Changes across the plastics industry put new pressure on suppliers. Governments and public opinion have raised the bar for material traceability, emissions, and waste. Our plants track energy use, raw material efficiency, and waste streams for each batch run. While glass fiber itself comes from abundant natural minerals, the process for turning sand into high-strength continuous filament glass demands significant energy and water. We audit emissions, monitor recovery of scrap glass fiber, and invest in recycling lines to grind down offcuts for use in concrete and construction boards.
This ties into customer requirements: as automotive and consumer brands demand lower carbon footprints and demonstrate compliance with tighter regulations, they come back to us for not only the right fiber properties, but for proof of responsible sourcing and processing. We share life cycle assessments, energy intensity ratings, and downstream waste recovery rates. This helps customers in their own certifications, as well as in marketing sustainable components to their clients and end-users.
Market trends continue to push for lighter, stronger composite parts, often blending virgin and recycled plastics. As electric vehicles accelerate, demand for high-performance thermoplastics reinforced with glass fiber only climbs. We are adapting sizing formulas to pair with bio-based plastics, biodegradable additives, and new process chemicals. Higher fiber content, faster production, and raw material volatility have pushed us to shorten development cycles and put new grades through production scale trials before shipping to customers.

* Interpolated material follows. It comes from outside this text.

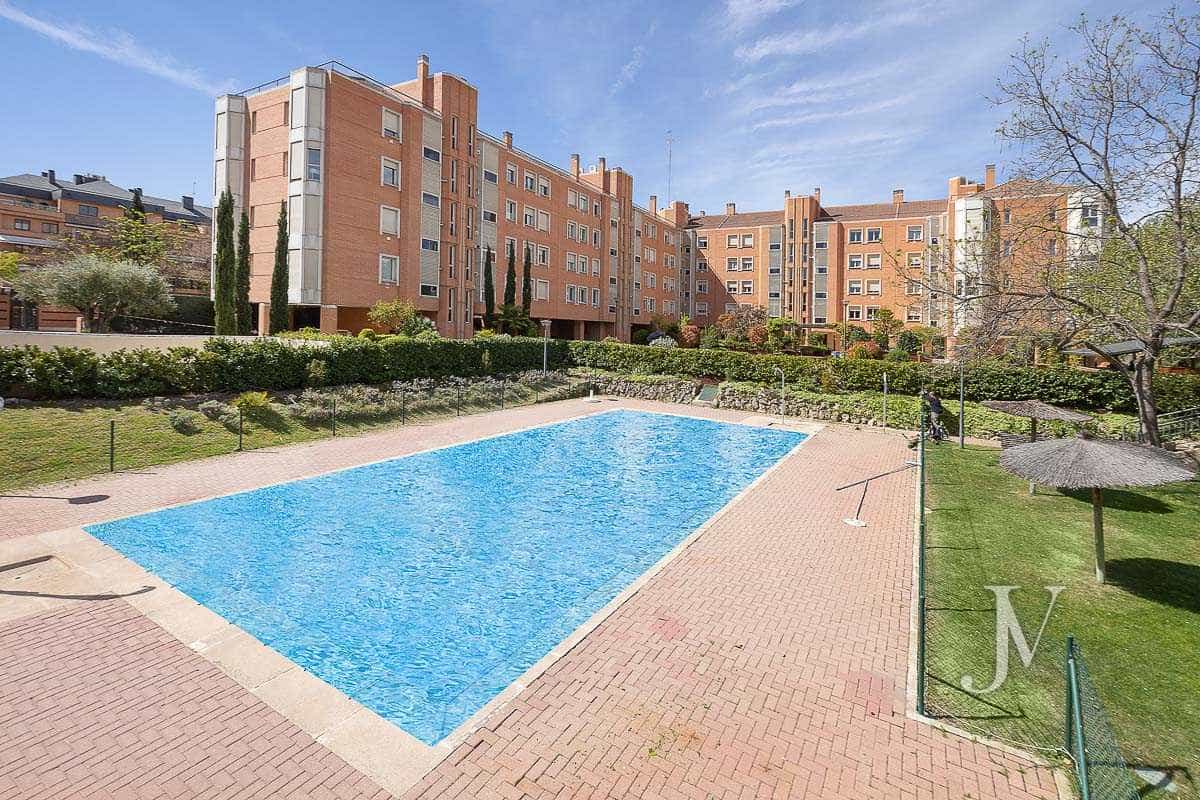 Condominium in Alcobendas, Comunidad de Madrid 11753904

We want our product teams to feel every shift in customer demand on their own production lines. That means answering not just to tradition or history in glass making, but staying at the front with real data, factory trial results, and open lines of feedback. Investments in raw material sourcing, worker training, and digital process control allow us to deliver on these requirements, often faster than the market expects. This attitude carries through into how we build each delivery, monitor shipping conditions, and schedule regular visits to major sites for both reactive support and proactive advice.
Thermoplastic direct roving isn’t just technical: its value comes clear in the trust built across years and millions of produced parts. Engineers need suppliers who understand their headaches — hopper jams, uneven mixing, slowdowns due to feeding errors or poor wetting. Plant managers remember when a “bad bobbin” cost a shift or set back a critical delivery. We hear these stories, track every batch, and make sure that direct feedback shapes next-generation fiber.
As manufacturing lines evolve, demands for cleaner, stronger, and more sustainable polymer composites only intensify. It’s one thing to supply a fiber that “meets spec.” It’s another to work through new line installations, run parallel processing trials, and refine every aspect of winding, sizing, and filament formation until line operators hear less from QA and more from their own satisfied customers. Our pride as a chemical manufacturer comes not from brochures or trade shows but from the daily proof that our direct roving stands up to the real conditions faced by plastics processors worldwide.
Our teams stay on call for technical support, eager to solve new challenges as plastics and compounding transform over the next decade. Direct roving, fine-tuned through decades of experience and the unfiltered feedback of hundreds of production lines, stands as the backbone of this progress — quietly but reliably reinforcing the future of advanced thermoplastics.